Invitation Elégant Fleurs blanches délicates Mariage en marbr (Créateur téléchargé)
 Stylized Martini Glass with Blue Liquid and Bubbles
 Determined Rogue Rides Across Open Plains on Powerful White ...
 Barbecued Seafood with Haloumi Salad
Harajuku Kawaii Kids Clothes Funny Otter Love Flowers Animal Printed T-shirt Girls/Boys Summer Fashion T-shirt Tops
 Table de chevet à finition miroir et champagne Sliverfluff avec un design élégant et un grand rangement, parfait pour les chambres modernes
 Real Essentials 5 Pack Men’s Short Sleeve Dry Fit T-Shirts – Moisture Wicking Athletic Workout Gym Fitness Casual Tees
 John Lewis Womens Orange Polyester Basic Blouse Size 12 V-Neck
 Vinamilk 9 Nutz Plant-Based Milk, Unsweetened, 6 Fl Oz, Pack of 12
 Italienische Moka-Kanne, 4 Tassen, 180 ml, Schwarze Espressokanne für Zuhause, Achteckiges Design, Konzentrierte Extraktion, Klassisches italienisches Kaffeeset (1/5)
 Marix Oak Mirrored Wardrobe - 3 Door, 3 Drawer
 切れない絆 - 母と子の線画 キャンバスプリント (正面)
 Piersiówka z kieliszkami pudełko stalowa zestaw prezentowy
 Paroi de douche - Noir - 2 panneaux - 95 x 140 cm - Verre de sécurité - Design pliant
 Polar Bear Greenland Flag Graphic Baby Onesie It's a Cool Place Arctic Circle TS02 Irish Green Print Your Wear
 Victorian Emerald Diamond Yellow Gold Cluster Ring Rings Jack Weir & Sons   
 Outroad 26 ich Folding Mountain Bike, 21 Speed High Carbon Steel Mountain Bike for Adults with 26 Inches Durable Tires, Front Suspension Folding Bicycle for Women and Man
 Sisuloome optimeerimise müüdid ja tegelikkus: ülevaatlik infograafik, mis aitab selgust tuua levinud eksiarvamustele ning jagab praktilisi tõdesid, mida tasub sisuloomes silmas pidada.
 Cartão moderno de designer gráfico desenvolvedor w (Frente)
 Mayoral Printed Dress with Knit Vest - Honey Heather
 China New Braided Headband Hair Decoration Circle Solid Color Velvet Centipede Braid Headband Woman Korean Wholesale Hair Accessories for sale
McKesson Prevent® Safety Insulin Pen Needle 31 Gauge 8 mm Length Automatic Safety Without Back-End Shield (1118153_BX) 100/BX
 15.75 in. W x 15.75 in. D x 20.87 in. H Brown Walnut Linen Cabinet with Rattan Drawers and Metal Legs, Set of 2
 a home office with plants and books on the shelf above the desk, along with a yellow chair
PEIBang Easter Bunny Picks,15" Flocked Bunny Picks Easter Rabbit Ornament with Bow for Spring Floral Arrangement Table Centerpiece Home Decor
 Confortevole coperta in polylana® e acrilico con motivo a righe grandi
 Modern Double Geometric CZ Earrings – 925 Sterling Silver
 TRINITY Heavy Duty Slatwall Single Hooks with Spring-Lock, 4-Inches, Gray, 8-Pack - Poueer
......
EXERCISE REQUIREMENTS
Compute the number of lines in the records that contain the string "Circle", and return that number alone.

YOUR RESPONSE
2